Se no Executivo, a situação segue embaraçosa, no Legislativo, a situação é mais suave. Cássio Soares enalteceu a proximidade entre os partidos ao tratar do acordo já firmado em relação à disputa pelas duas vagas em jogo no Senado. Com a filiação de Simões em outubro do ano passado, o PSD mineiro definiu sua guinada à direita. O estado faz parte da estratégia nacional comandada pelo presidente nacional da legenda, Gilberto Kassab, que fica entre a importância de diálogo para se governar a direita que defende com "unhas e dentes", o bolsonarismo.  Exemplo disso é que: enquanto o partido busca entendimento com Nikolas Ferreira, tem em seus quadros o ministro de Minas e Energia, Alexandre Silveira, um dos nomes mais próximos do presidente Lula (PT). Sem falar do senador Rodrigo Pacheco, nome que ainda pode concorrer ao governo de Minas, a pedido do próprio presidente da República.
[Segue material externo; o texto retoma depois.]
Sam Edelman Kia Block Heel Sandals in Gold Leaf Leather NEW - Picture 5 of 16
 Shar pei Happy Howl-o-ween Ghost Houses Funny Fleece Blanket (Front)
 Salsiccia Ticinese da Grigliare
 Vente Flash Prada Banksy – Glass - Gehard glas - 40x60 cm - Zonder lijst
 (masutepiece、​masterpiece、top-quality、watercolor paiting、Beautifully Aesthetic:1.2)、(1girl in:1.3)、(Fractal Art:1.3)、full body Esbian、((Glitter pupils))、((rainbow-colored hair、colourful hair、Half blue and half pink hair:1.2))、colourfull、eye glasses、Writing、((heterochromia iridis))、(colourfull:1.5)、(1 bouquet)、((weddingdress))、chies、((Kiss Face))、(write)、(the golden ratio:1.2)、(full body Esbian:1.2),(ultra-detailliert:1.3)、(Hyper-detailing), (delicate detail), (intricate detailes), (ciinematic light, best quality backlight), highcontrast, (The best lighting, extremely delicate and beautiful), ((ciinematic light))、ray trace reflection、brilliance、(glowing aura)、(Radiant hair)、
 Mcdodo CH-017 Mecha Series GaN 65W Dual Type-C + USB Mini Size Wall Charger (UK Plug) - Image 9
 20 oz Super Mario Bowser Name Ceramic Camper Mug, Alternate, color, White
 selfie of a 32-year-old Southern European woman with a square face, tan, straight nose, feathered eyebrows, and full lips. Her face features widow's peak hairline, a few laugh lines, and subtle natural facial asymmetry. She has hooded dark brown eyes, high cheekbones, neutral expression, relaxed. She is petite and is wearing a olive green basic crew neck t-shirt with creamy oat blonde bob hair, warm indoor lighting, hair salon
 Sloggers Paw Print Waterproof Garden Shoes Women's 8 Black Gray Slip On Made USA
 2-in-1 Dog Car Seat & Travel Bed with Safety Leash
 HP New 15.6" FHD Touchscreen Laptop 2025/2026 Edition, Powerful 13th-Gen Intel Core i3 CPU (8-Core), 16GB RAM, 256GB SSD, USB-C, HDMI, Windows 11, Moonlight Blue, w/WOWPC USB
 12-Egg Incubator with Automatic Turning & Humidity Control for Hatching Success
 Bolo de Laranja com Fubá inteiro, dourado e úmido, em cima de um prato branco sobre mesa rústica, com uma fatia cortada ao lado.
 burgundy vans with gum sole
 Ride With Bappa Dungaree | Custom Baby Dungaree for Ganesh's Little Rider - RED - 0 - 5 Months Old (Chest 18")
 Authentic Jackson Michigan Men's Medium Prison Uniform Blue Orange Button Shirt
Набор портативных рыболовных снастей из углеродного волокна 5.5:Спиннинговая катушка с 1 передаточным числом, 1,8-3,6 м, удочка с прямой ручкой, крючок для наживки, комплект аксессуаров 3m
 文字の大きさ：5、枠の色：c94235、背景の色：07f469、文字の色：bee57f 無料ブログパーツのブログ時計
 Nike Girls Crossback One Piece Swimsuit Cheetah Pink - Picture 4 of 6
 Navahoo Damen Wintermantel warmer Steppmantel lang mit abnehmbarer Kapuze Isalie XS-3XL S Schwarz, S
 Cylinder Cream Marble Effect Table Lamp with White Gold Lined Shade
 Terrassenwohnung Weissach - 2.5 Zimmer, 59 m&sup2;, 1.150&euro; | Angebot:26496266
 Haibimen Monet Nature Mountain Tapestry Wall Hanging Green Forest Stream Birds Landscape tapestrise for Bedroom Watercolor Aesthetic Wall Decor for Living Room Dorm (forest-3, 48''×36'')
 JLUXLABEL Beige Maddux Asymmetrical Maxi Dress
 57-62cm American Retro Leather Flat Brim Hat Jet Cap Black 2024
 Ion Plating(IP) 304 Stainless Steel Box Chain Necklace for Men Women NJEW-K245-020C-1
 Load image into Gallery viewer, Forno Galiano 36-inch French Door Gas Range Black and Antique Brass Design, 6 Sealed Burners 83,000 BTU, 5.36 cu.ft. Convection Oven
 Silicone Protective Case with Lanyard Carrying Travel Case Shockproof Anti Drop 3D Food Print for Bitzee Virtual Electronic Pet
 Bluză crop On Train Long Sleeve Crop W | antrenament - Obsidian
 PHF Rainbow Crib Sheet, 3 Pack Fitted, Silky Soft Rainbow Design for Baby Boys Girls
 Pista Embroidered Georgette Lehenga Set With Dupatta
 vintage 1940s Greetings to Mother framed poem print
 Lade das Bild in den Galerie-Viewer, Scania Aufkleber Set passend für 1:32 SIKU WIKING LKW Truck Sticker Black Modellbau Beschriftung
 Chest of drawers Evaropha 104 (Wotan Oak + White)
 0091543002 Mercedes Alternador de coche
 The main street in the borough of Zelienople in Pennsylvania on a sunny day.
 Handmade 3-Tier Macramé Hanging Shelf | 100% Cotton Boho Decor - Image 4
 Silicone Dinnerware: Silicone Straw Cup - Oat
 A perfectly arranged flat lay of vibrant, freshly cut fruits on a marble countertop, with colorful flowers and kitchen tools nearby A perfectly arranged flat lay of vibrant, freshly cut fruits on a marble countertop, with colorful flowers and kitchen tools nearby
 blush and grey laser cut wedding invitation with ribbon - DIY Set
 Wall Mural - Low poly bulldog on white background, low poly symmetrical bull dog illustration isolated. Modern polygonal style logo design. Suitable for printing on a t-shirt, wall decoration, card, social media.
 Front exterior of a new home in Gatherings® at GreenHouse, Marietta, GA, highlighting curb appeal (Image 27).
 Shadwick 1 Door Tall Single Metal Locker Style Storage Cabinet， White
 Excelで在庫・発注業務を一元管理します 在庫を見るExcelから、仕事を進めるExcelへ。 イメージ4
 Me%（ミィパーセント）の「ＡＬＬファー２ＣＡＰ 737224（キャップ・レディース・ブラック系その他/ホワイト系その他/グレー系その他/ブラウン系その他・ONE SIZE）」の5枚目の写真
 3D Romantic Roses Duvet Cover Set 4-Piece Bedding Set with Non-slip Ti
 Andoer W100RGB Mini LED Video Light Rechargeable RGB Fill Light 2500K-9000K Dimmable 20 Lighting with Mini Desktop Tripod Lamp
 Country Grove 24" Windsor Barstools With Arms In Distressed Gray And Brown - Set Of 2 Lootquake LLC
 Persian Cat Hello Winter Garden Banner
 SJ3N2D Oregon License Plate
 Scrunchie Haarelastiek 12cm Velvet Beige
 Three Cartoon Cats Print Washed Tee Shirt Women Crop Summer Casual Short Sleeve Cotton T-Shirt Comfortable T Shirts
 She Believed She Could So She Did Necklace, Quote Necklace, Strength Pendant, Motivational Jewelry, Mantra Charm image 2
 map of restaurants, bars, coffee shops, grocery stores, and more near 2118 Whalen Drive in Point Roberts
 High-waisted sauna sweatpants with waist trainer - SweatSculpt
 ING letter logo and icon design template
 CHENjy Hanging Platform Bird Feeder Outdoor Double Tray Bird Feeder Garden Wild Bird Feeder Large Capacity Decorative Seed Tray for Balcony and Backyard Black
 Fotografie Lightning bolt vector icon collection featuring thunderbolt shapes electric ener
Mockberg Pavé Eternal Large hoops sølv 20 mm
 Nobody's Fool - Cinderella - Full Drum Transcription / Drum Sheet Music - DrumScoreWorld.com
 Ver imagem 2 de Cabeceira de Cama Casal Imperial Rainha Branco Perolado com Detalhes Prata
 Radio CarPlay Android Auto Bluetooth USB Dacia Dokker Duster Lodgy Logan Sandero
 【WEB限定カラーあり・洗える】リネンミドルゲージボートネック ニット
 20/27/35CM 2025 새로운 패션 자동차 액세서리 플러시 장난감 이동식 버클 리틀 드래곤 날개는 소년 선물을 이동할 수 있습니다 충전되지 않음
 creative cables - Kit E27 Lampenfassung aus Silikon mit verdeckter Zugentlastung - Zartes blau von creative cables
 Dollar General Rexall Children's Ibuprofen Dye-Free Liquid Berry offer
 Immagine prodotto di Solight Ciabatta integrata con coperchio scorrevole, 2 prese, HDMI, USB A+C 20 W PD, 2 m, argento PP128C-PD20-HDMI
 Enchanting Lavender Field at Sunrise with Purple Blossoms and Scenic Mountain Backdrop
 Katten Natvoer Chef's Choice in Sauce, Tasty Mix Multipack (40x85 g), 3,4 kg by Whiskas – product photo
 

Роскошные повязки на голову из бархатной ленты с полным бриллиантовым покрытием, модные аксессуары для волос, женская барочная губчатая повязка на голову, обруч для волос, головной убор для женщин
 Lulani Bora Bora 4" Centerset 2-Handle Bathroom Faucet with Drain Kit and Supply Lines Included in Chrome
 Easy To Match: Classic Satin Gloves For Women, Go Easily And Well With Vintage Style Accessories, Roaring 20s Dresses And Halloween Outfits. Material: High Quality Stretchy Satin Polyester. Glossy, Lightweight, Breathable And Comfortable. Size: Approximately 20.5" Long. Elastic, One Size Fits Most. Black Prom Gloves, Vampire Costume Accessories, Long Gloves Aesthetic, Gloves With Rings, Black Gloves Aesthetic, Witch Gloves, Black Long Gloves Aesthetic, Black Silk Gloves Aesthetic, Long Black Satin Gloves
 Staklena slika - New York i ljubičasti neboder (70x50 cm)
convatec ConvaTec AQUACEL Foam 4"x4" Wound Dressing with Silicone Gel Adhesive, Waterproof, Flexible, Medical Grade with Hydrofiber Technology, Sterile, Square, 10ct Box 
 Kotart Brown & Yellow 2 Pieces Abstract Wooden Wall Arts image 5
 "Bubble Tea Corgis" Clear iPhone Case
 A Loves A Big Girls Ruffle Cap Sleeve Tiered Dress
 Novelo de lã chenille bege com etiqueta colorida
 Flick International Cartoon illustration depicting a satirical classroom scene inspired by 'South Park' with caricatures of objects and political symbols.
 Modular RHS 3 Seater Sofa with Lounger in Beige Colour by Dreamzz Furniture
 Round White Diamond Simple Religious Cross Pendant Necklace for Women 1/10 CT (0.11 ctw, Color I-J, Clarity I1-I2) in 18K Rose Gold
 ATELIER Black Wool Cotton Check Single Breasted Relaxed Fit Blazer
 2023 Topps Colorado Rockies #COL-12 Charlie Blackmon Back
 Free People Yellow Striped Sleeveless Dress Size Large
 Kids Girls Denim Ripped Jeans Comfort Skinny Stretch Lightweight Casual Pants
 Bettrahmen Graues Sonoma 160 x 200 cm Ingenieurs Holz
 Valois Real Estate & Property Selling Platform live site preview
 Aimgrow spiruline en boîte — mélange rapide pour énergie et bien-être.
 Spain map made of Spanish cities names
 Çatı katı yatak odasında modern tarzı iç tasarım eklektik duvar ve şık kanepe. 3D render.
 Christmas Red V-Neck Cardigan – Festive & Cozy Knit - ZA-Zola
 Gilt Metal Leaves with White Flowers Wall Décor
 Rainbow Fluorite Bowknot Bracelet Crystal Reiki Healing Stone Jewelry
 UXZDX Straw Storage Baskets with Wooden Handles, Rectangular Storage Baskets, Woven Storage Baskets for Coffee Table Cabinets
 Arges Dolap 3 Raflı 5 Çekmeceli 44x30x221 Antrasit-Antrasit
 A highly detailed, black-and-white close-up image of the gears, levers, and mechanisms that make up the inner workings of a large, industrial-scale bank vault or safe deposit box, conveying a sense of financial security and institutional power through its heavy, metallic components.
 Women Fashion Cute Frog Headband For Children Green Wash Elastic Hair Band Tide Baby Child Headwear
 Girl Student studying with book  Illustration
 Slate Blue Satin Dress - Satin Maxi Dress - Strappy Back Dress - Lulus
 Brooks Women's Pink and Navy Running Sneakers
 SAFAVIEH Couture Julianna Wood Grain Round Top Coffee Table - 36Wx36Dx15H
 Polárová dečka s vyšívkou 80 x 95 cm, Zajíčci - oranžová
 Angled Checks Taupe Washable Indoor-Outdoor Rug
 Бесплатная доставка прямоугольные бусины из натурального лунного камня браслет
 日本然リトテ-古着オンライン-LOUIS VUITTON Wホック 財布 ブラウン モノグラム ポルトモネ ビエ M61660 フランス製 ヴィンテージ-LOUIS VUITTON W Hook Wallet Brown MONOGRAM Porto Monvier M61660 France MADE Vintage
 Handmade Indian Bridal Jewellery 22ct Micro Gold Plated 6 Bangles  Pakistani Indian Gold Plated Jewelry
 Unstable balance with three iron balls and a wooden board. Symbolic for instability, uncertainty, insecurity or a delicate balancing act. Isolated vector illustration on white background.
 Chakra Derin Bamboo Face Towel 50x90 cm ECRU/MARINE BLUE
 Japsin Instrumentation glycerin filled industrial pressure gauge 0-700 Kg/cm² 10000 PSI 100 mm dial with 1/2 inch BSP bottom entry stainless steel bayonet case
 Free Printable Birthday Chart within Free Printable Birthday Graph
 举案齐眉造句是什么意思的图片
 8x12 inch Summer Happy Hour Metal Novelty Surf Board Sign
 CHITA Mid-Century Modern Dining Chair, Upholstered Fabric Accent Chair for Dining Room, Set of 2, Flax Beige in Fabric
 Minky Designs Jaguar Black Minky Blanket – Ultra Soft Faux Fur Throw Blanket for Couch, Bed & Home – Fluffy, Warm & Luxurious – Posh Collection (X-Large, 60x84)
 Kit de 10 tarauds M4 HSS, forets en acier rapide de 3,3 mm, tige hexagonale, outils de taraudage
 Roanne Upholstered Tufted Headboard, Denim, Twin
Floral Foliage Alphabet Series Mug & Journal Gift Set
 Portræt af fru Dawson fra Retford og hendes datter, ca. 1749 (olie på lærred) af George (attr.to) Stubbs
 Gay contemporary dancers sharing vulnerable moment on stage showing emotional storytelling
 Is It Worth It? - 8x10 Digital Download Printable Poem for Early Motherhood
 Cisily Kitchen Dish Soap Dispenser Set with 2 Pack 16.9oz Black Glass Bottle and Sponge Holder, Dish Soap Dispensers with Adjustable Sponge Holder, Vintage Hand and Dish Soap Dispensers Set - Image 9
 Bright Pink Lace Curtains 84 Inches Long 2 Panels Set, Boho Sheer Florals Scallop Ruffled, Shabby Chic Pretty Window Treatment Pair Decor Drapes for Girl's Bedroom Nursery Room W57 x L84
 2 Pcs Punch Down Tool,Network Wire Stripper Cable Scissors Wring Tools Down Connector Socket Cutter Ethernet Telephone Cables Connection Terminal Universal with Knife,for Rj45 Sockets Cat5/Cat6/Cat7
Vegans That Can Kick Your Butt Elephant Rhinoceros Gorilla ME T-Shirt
Situação que mostra a vulnerabilidade no mesmo grupo que tem pouco tempo para se decidir. 

Fim da aposentadoria 

A enrolação da Câmara e do Senado em tomar uma decisão sobre a aposentadoria compulsória de juízes e promotores, obrigou a própria Justiça a tomar uma decisão. A decisão foi do  ministro do Supremo Tribunal Federal (STF), Flávio Dino, na tarde desta segunda-feira, 16. Não é de hoje que o assunto está pendente e gera polêmica. Para se ter uma ideia, o senador Humberto Costa, do PT, apresentou em 2011, apresentou um Projeto de Emenda à Constituição para acabar com essa mamata. Após dois anos de tramitação no Senado foi para a Câmara e lá está há 13 anos. Como sempre, quando não é de interesse dos políticos e sim da população, a letargia e enrolação é sempre a resposta. Por isso, a decisão do ministro é digna, sim, de elogios. 

Falta de respeito 

Já tinha passado da hora dessas punições "vantajosas" terem um ponto final. É um absurdo que aqueles que se preparam para fiscalizar a lei e aqueles que se preparam para aplicar a lei, também busquem formas de desrespeitá-las e jogar a conta para o cidadão. Opinião que foi destaque no Agora no último fim de semana. Decisão que precisa ser enaltecida por todos independente de ideologia partidária. Como fez Cleitinho Azevedo, sem se importar com posição política.  Ele elogiou a medida de Flávio Dino. Em suas redes sociais, o senador comemorou a canetada do ministro. Ele exemplificu o caso do desembargador mineiro relator de uma ação que inocentou, em segunda instância, um homem de 35 anos da acusação de estupro de vulnerável contra uma criança de 12 anos. Mesmo crítico a diversas ações do STF, ficou do lado certo: o do ser humano.